Kissing Gate Cottage


This first aricle is copied with the kind permission of Folio Magazine :

(please click images to view original Folio article pages as pdf documents.)

Folio magazine Marshfield article page 1                    Folio magazine Marshfield article page 2


Small town life is still very much as it should be, discovers James Russell on a visit to the archetypal, picture-perfect Cotswold gem of Marshfield

Acouple of centuries ago, I might have hesitated before setting out for Marshfield. At that time the lonely roads around the town were popular with highwaymen, who attacked travellers coming north from Bath on the Fosse Way or east from Bristol, as I was. On 7 July 1763, one stocky, pock-marked villain held up a gentleman’s servant at the top of Tog Hill, where the A420 now hits the Cotswold ridge, and as I passed the spot I could see why thieves were drawn to this desolate stretch of highway on the border of Gloucestershire and Wiltshire.
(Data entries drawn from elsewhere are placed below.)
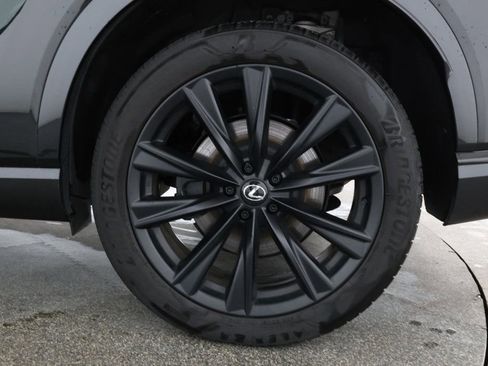 Used 2023 Lexus RX 500h F Sport w/ Accessory Package (Z1) image 9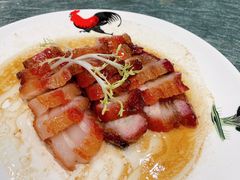 蜜汁叉烧/份-猪肉婆私房菜(容桂总店)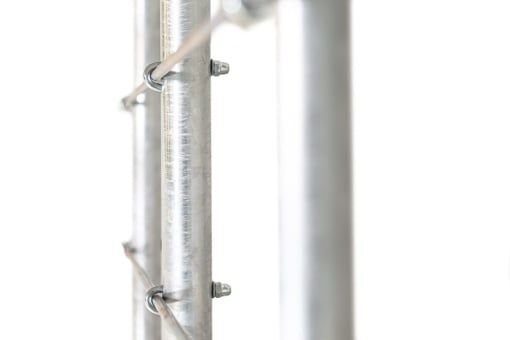 Scară Spirală Metalică Helix 1600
They were also attracted, no doubt, by Marshfield’s wealth. A market town since the 13th century, Marshfield made the most of its location in hill country close to two prosperous cities to profit from trade in wool and malt. his town of only a thousand souls sits in just the right spot, with the arable land of the Cotswolds to the north and, immediately to the south, the green hills and valleys stretching towards Bath.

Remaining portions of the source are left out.